1. Run Evaluation Notebook¶
Navigate to the src/api
folder in Visual Studio Code.
- Click:
evaluate-chat-flow.ipynb
- see: A Jupyter notebook - Click: Select Kernel - choose "Python Environments" - pick recommended
Python 3.11.x
- Click:
Run all
- this kickstarts the multi-step evaluation flow.
You may see a pop-up alert: The notebook is not displayed in the notebook editor because it is very large
with two options to proceed. Select the Open Anyway
(default) option.
2. Watch Evaluation Runs¶
One of the benefits of using Prompty is the built-in Tracer
feature that captures execution traces for the entire workflow. These trace runs are stored in .tracy
files in the api/.runs/
folder as shown in the figure below.
- Keep this explorer sidebar open while the evaluation notebook runs/
- You see:
get_response
traces when our chat application is running - You see:
groundedness
traces when its groundeness is evaluated - You see: similar
fluency
,coherence
andrelevance
traces
These are live trace runs so you should be able to make the following observations when completed:
- There will be 12
get_response
traces corresponding to 12 chat prompts that are executed by our chat AI. - For each of these responses, you should see 4 traces for each of the 4 custom evaluators we have defined.
- Clicking on an
.tracy
file should open the Trace Viewer window, allowing you to dive into the data visually.
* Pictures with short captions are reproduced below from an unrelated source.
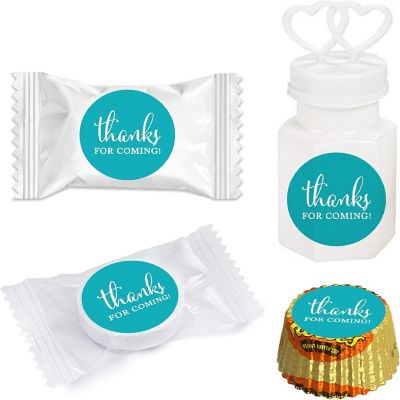 216PK Aqua Thanks Chocolate Drop Labels Image 1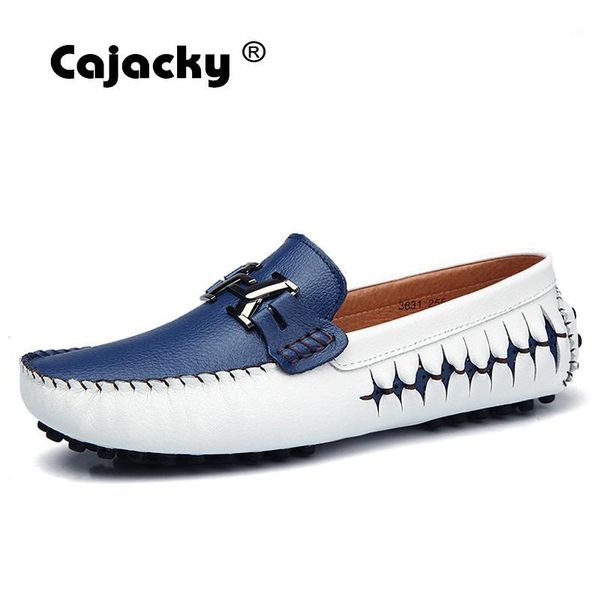

cajacky men loafers genuine leather casual shoes slip on mens boat shoes italian driving moccasins blue flats new1, Black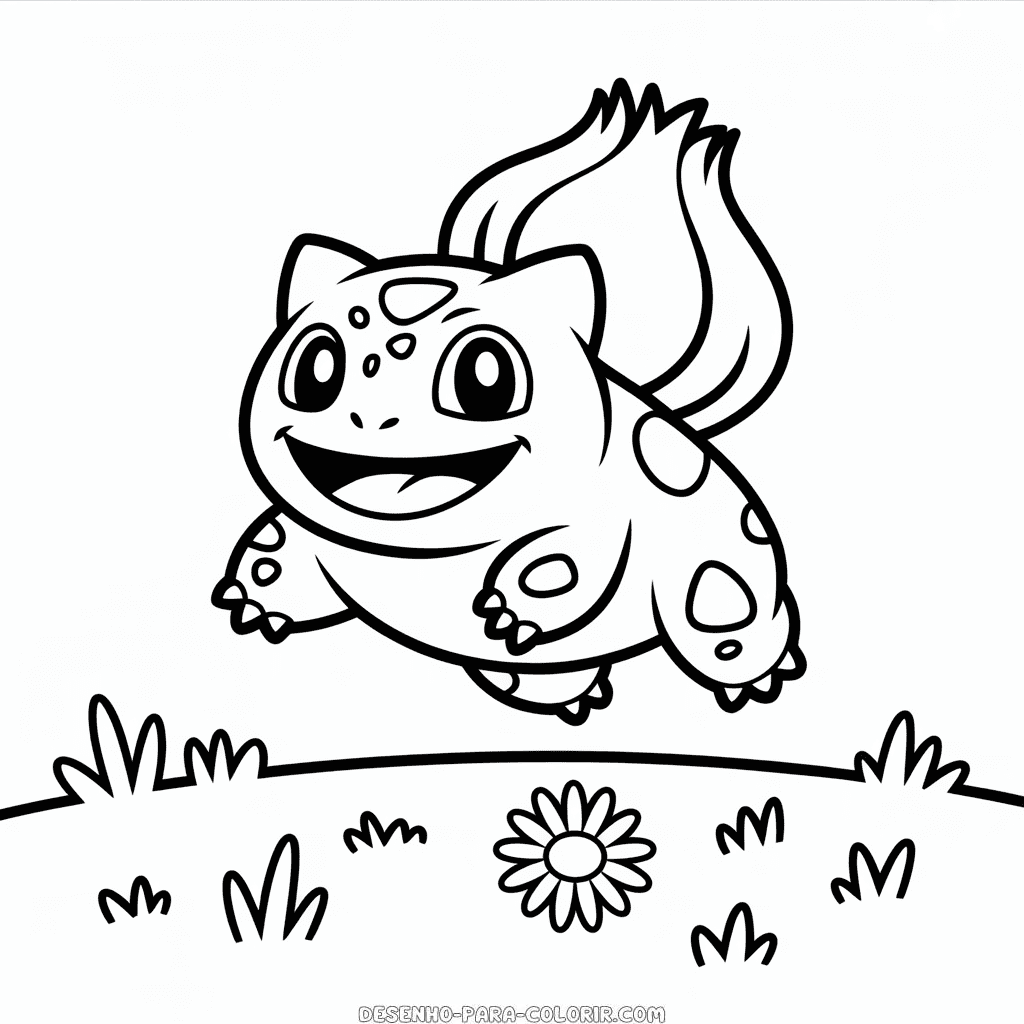 Desenho do Bulbasaur Feliz para Colorir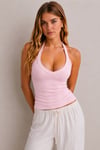 Pembe Jarse Ribana Halter Top 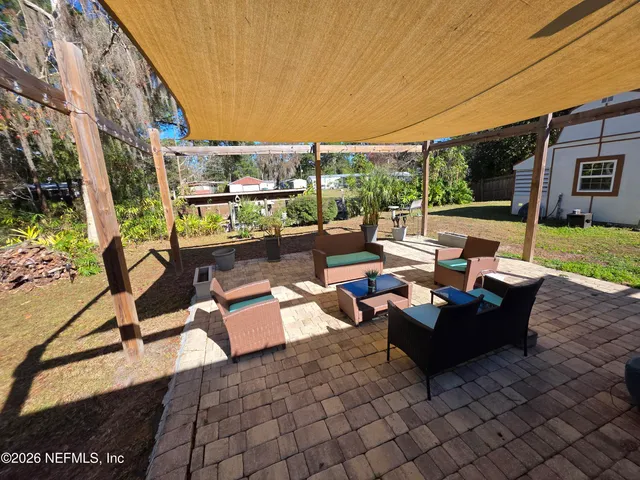 a outdoor space with furniture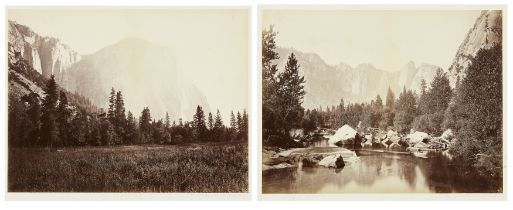 Carleton E. Watkins, American 1829-1916; El Capitan, 3600 ft. Yosemite, 1861; View on The Merced...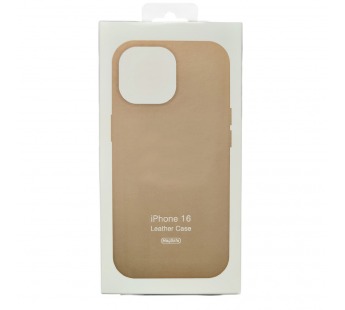 Чехол-накладка для Apple iPhone 16 кожаный Magsafe, золотой#2064141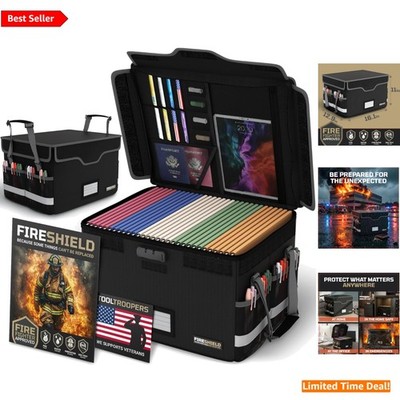 Water-Resistant Fireproof Document Box with Lock for Home & Travel - 16.1''x12.9''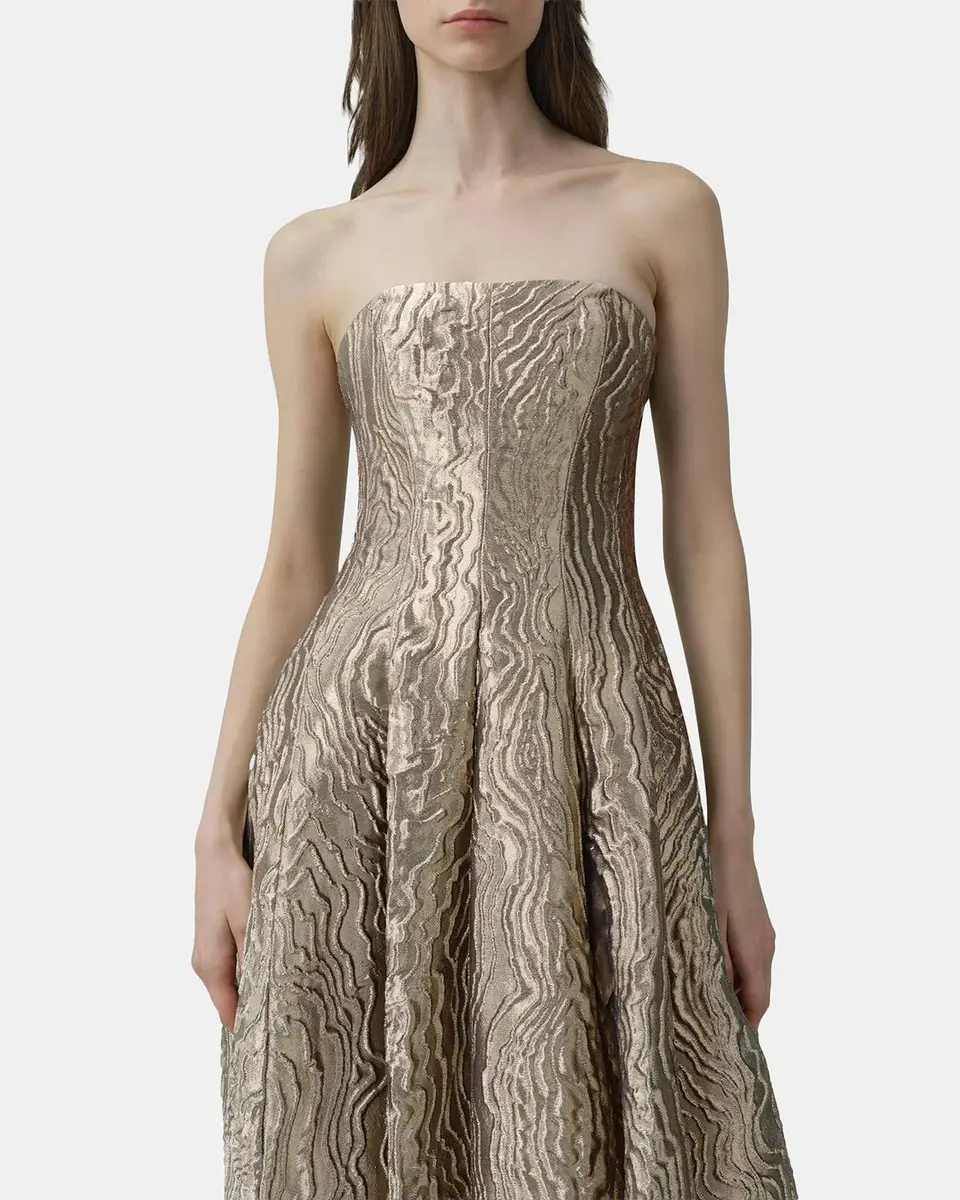 Simkhai Celeste Strapless Metallic Jacquard Gown | Thumbnail 4 Simkhai Celeste Strapless Metallic Jacquard Gown | Thumbnail 4
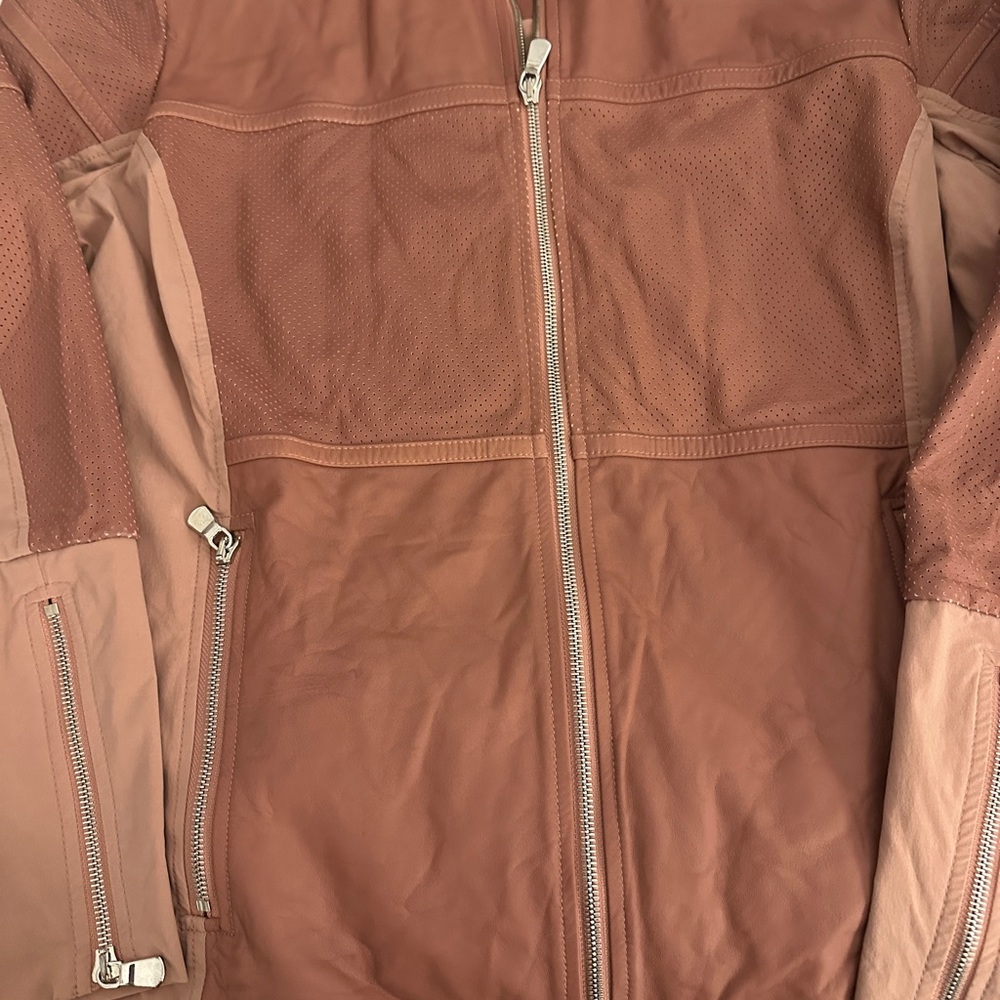 SPRING JACKETS Anatomie perforated leather and nylon jacket. Dusty Rose . Size L - Picture 2 of 11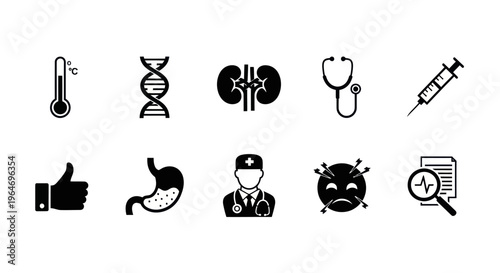 Medical Icons Set: Health, Science, and Healthcare Symbols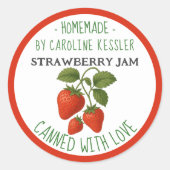 Home Made Strawberry Jam Canning Label Sheet ラウンドシール (正面)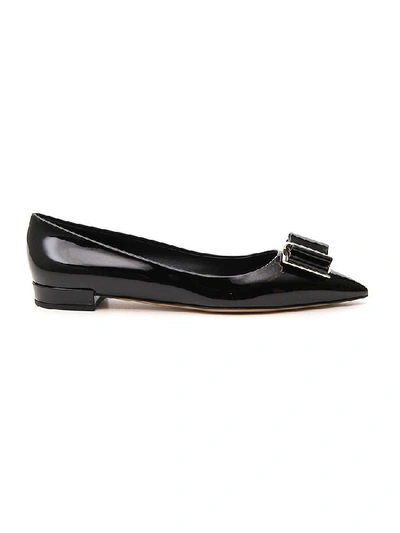 Ferragamo Salvatore  Bow Flat Shoes In Black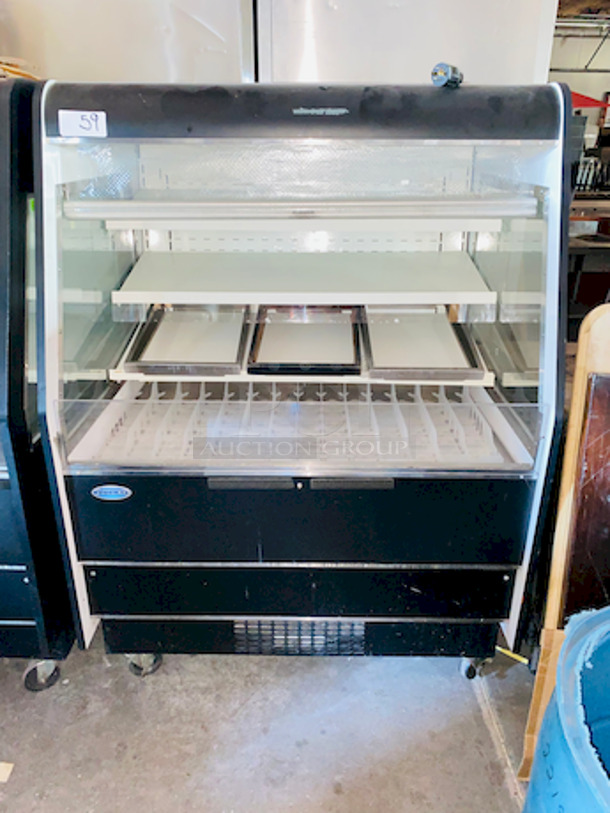 2 For 1!! Federal Industries RSSD460SC-5 Open Air Self Serve Merchandisers. On Commercial Casters. 
Tested. Turned On and Gets Cold. 
Condition 8/10                                                                              
47.-1/4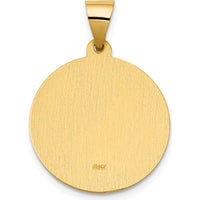 14K Yellow Gold St. Clare Hollow Medal Pendant with Polished and Satin Finish - 27mm Length by Oro Pregiato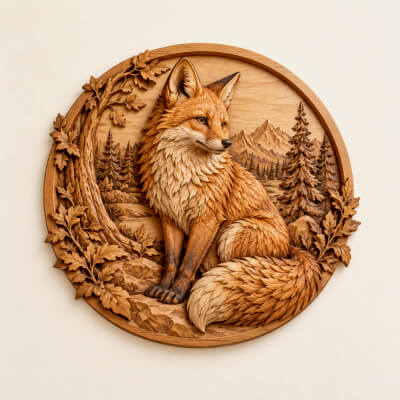 Majestic Fox Wooden CNC Bas Relief STL Wildlife Wall Art 3D Model
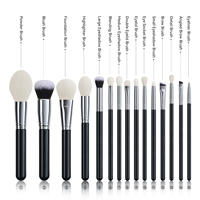 Lilywild – Lot de 15 pinceaux de maquillage professionnels de luxe, poils synthétiques écologiques, manche en bois, multifonctionnels, personnalisables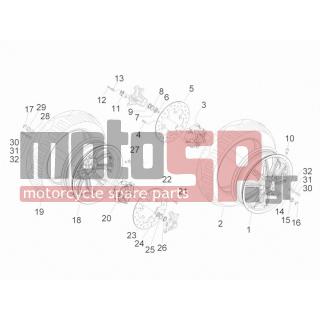 PIAGGIO - MP3 300 4T 4V IE ERL IBRIDIO 2011 - Frame - front wheel - 597679 - ΒΑΛΒΙΔΑ ΤΡΟΧΟΥ TUBELESS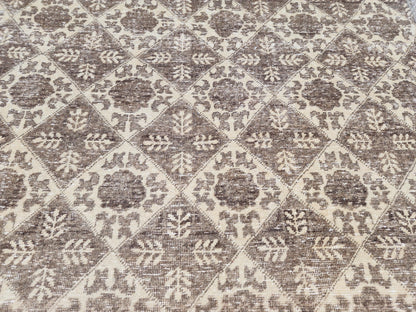 3x7 Vintage Area Rug, Brown Geometric Design Carpet, Hand Made Turkish Wool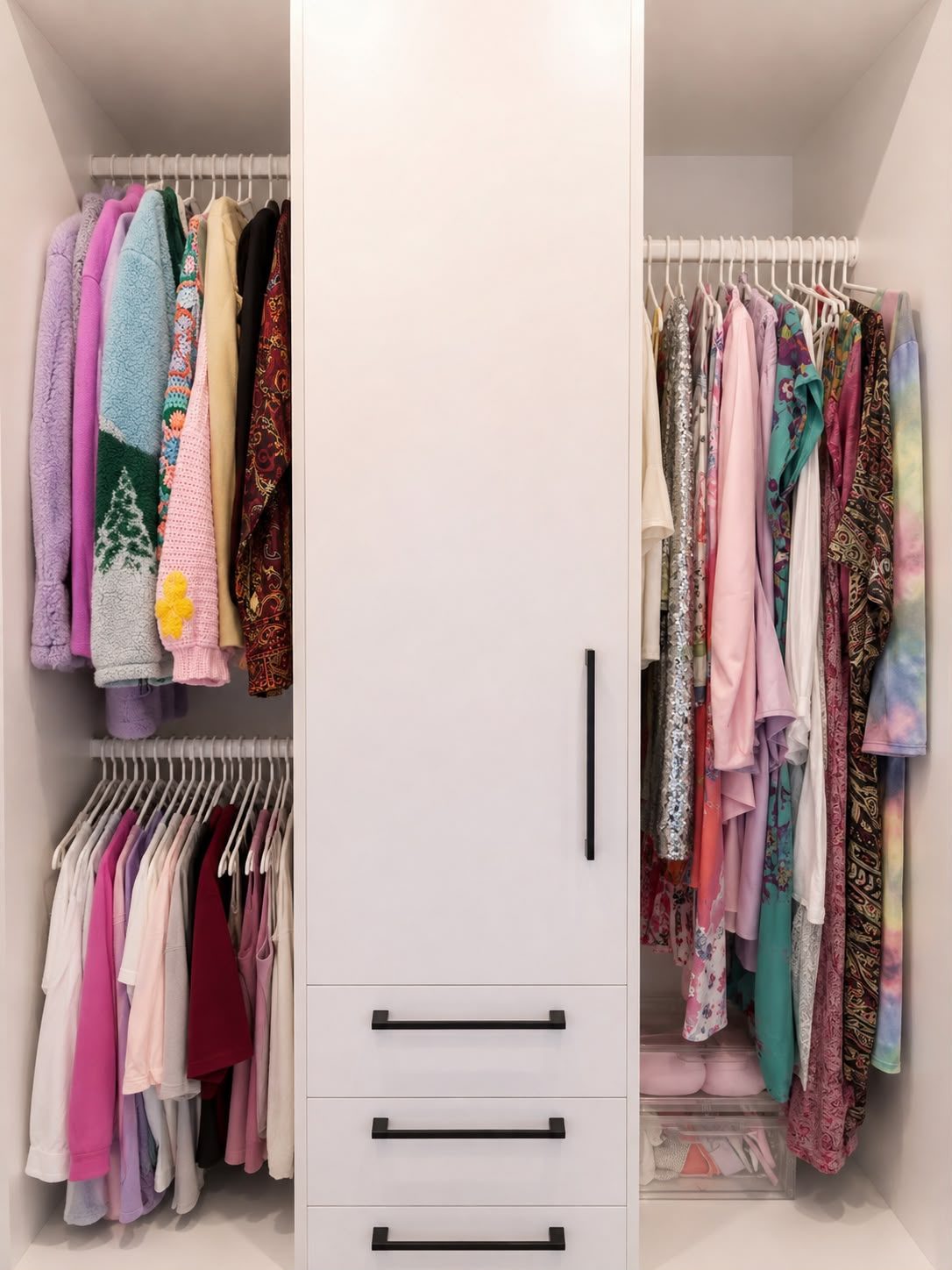 A colourful, organised closet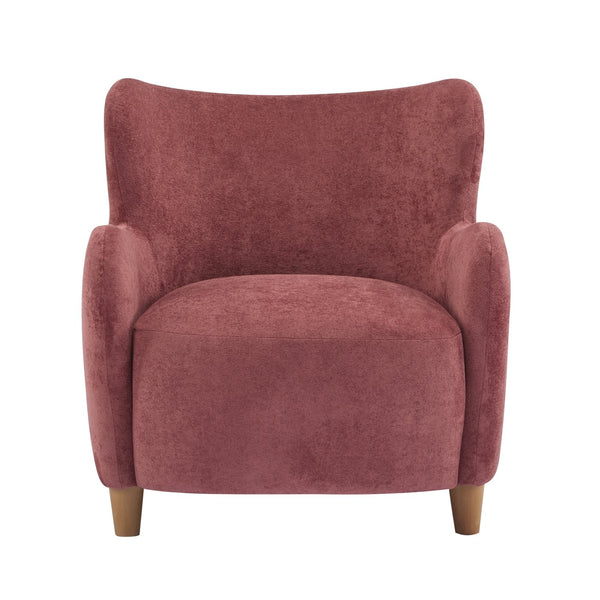 English Elm Christopher Knight Home® - Lucia Velvet Wingback Armchair with Pocket Spring Cushion, Mid-Century Birch Legs, Luxe Comfort Red,Teak 31.5 L x 30.75 W x 30.5 H N776P205426R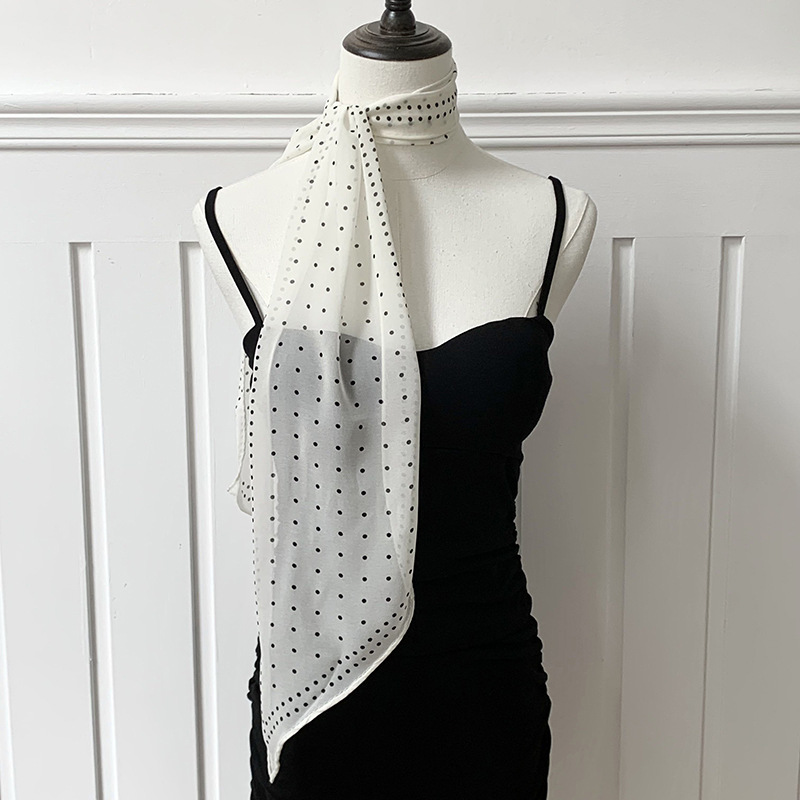 Pañuelo de seda de lunares de tira larga, cinta estampada de alta calidad, bufanda decorativa de relajación de todo fósforo de primavera y verano, temperamento, cinta para el cabello, accesorios para el cabello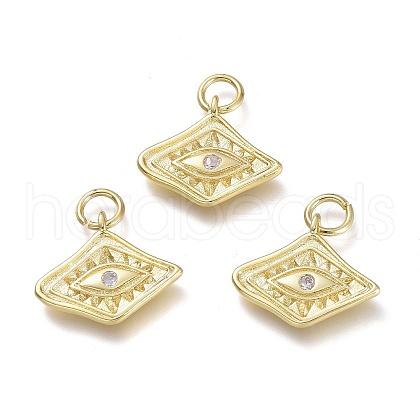 Brass Micro Pave Cubic Zirconia Pendants KK-P188-C03-G-1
3. Explore: Evaluation Trace¶
OPTIONAL: Explore .tracy files with Trace Viewer
The Prompty runtime generates .tracy
files (underlying JSON format) that capture the execution trace from prompt (input) to response (output). This section explains how you can use the traces to view or debug workflows.
To explore the evaluation trace:
- Wait till the batch evaluation process completes.
- Click on a
.tracy
file to launch trace viewer (see figure above).
The trace viewer feature is experimental. You may need to click, wait, and retry a few times before the viewer loads the file successfully. Skip this section and revisit it at home if time is limited.
-
Observe the Trace View
- You should see a waterfall view on the left, and a detail view on the right.
- The waterfall view shows the sequence of steps in the orchestrated flow.
- "Prompty" icons show asset execution (load-prepare-run)
- "Open AI" icons show model invocations (chat, embeddings)
- Cube icons represent Python function invocations (code)
- Click an item on the left to see detailed trace on the right.
-
Explore the
get_response
root trace- Click the
get_response
node on left - Observe the trace details on right
- You should see:
- The Input query (question, customerId, chat_history)
- The Output response (question, answer)
- Total time taken for execution
- Total tokens used in execution
- Token split between prompt and completion
- Click the
-
Explore a Prompty execution trace
-
Explore the Prompty tracer code
Want to learn more about Prompty Tracing? Explore the documentation to learn how to configure your application for traces, and how to view and publish traces for debugging and observability.
CONGRATULATIONS. You ran a batch evaluation on the chat AI application responses!